*Exercise instructions*.
What you return has to match the listing below line for line.

*Given data*.
________________________________________

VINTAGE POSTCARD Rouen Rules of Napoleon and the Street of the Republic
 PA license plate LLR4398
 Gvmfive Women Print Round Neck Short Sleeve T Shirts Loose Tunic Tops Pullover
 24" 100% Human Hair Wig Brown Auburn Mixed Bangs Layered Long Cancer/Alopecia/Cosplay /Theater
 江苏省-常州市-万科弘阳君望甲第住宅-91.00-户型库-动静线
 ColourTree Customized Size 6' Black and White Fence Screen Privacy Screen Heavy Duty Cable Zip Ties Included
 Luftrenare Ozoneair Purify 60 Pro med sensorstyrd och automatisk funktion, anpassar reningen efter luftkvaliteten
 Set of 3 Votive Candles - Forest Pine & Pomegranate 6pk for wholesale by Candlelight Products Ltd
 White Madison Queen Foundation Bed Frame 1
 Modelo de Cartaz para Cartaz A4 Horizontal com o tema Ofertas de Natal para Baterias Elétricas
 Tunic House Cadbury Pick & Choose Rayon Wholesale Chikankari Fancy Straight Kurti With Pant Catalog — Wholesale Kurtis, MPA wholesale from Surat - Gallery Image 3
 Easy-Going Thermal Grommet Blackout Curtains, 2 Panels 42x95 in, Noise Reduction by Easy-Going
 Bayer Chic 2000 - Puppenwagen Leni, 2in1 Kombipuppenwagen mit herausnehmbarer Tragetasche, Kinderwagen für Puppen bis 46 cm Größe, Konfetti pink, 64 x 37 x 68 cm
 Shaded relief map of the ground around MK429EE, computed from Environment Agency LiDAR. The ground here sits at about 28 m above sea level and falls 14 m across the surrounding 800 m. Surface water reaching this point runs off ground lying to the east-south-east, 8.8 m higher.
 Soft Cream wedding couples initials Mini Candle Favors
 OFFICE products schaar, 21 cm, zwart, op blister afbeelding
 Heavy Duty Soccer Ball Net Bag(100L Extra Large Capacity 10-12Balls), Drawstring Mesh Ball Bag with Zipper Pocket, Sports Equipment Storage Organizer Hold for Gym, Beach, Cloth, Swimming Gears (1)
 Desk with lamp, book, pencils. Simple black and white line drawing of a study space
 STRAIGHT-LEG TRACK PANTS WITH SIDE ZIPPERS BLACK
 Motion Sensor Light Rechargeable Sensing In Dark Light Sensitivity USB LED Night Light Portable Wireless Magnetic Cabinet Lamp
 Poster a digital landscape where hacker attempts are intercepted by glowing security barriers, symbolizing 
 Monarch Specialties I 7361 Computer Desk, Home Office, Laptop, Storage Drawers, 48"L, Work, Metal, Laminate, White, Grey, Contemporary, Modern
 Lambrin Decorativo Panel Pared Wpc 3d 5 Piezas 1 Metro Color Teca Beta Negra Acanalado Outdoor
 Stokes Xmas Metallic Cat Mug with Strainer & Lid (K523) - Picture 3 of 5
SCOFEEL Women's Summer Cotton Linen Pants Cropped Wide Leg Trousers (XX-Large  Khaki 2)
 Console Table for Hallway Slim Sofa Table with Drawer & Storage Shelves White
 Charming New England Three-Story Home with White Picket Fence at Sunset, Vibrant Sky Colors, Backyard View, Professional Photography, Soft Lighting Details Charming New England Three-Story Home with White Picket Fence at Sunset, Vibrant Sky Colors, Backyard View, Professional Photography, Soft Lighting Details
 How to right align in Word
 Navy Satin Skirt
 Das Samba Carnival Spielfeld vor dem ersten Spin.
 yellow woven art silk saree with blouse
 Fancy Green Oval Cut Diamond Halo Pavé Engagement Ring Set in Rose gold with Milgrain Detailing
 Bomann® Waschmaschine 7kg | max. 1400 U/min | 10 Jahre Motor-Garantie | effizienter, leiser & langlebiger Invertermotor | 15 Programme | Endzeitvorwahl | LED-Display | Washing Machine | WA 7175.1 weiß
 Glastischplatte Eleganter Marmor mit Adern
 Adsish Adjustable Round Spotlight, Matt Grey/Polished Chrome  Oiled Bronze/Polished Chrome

________________________________________

*Your response*.
VINTAGE POSTCARD Rouen Rules of Napoleon and the Street of the Republic
 PA license plate LLR4398
 Gvmfive Women Print Round Neck Short Sleeve T Shirts Loose Tunic Tops Pullover
 24" 100% Human Hair Wig Brown Auburn Mixed Bangs Layered Long Cancer/Alopecia/Cosplay /Theater
 江苏省-常州市-万科弘阳君望甲第住宅-91.00-户型库-动静线
 ColourTree Customized Size 6' Black and White Fence Screen Privacy Screen Heavy Duty Cable Zip Ties Included
 Luftrenare Ozoneair Purify 60 Pro med sensorstyrd och automatisk funktion, anpassar reningen efter luftkvaliteten
 Set of 3 Votive Candles - Forest Pine & Pomegranate 6pk for wholesale by Candlelight Products Ltd
 White Madison Queen Foundation Bed Frame 1
 Modelo de Cartaz para Cartaz A4 Horizontal com o tema Ofertas de Natal para Baterias Elétricas
 Tunic House Cadbury Pick & Choose Rayon Wholesale Chikankari Fancy Straight Kurti With Pant Catalog — Wholesale Kurtis, MPA wholesale from Surat - Gallery Image 3
 Easy-Going Thermal Grommet Blackout Curtains, 2 Panels 42x95 in, Noise Reduction by Easy-Going
 Bayer Chic 2000 - Puppenwagen Leni, 2in1 Kombipuppenwagen mit herausnehmbarer Tragetasche, Kinderwagen für Puppen bis 46 cm Größe, Konfetti pink, 64 x 37 x 68 cm
 Shaded relief map of the ground around MK429EE, computed from Environment Agency LiDAR. The ground here sits at about 28 m above sea level and falls 14 m across the surrounding 800 m. Surface water reaching this point runs off ground lying to the east-south-east, 8.8 m higher.
 Soft Cream wedding couples initials Mini Candle Favors
 OFFICE products schaar, 21 cm, zwart, op blister afbeelding
 Heavy Duty Soccer Ball Net Bag(100L Extra Large Capacity 10-12Balls), Drawstring Mesh Ball Bag with Zipper Pocket, Sports Equipment Storage Organizer Hold for Gym, Beach, Cloth, Swimming Gears (1)
 Desk with lamp, book, pencils. Simple black and white line drawing of a study space
 STRAIGHT-LEG TRACK PANTS WITH SIDE ZIPPERS BLACK
 Motion Sensor Light Rechargeable Sensing In Dark Light Sensitivity USB LED Night Light Portable Wireless Magnetic Cabinet Lamp
 Poster a digital landscape where hacker attempts are intercepted by glowing security barriers, symbolizing 
 Monarch Specialties I 7361 Computer Desk, Home Office, Laptop, Storage Drawers, 48"L, Work, Metal, Laminate, White, Grey, Contemporary, Modern
 Lambrin Decorativo Panel Pared Wpc 3d 5 Piezas 1 Metro Color Teca Beta Negra Acanalado Outdoor
 Stokes Xmas Metallic Cat Mug with Strainer & Lid (K523) - Picture 3 of 5
SCOFEEL Women's Summer Cotton Linen Pants Cropped Wide Leg Trousers (XX-Large  Khaki 2)
 Console Table for Hallway Slim Sofa Table with Drawer & Storage Shelves White
 Charming New England Three-Story Home with White Picket Fence at Sunset, Vibrant Sky Colors, Backyard View, Professional Photography, Soft Lighting Details Charming New England Three-Story Home with White Picket Fence at Sunset, Vibrant Sky Colors, Backyard View, Professional Photography, Soft Lighting Details
 How to right align in Word
 Navy Satin Skirt
 Das Samba Carnival Spielfeld vor dem ersten Spin.
 yellow woven art silk saree with blouse
 Fancy Green Oval Cut Diamond Halo Pavé Engagement Ring Set in Rose gold with Milgrain Detailing
 Bomann® Waschmaschine 7kg | max. 1400 U/min | 10 Jahre Motor-Garantie | effizienter, leiser & langlebiger Invertermotor | 15 Programme | Endzeitvorwahl | LED-Display | Washing Machine | WA 7175.1 weiß
 Glastischplatte Eleganter Marmor mit Adern
 Adsish Adjustable Round Spotlight, Matt Grey/Polished Chrome  Oiled Bronze/Polished Chrome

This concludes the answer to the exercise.